=== Exercise goal ===
Below are records with pictures in them. Transcribe everything from the line containing "This is your" down to the line containing "Hi, in this", exactly, and leave the pictures behind.

=== Provided records ===
═══

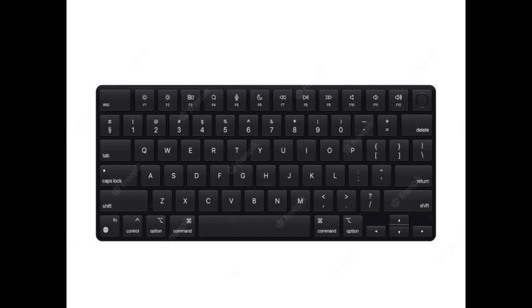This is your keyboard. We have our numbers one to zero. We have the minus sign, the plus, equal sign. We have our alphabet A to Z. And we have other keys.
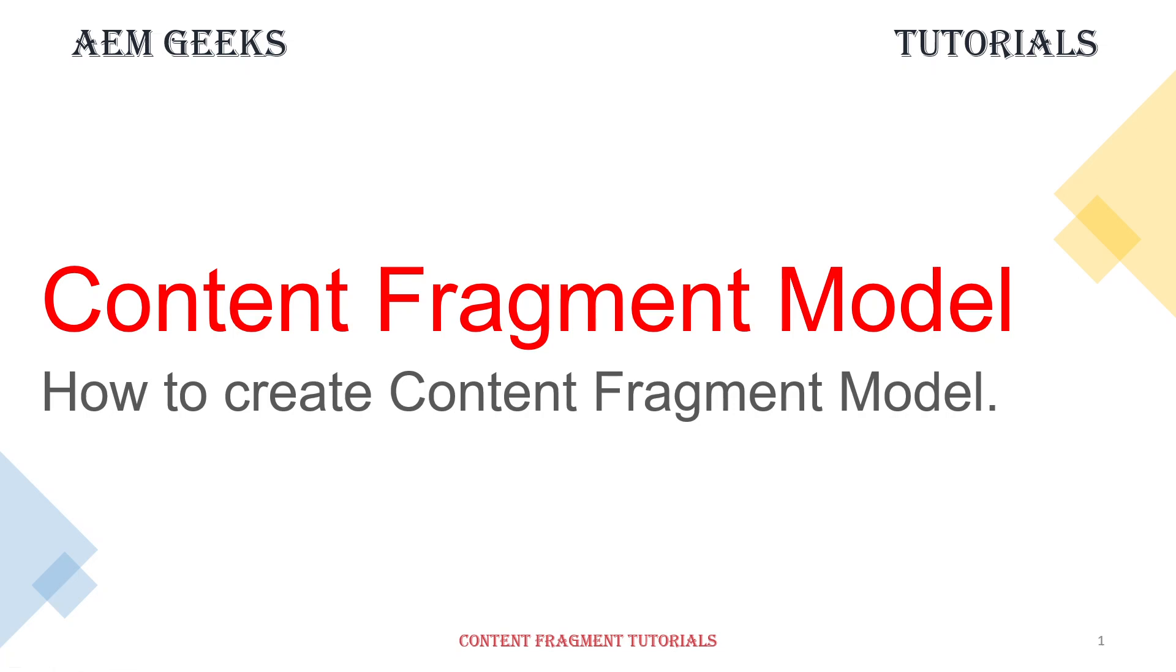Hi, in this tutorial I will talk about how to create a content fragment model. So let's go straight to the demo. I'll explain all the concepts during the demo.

═══

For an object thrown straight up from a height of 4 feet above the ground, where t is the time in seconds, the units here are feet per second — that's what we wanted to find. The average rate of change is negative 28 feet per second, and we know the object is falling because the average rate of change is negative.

═══

=== Answer below ===
This is your keyboard. We have our numbers one to zero. We have the minus sign, the plus, equal sign. We have our alphabet A to Z. And we have other keys.
Hi, in this tutorial I will talk about how to create a content fragment model. So let's go straight to the demo. I'll explain all the concepts during the demo.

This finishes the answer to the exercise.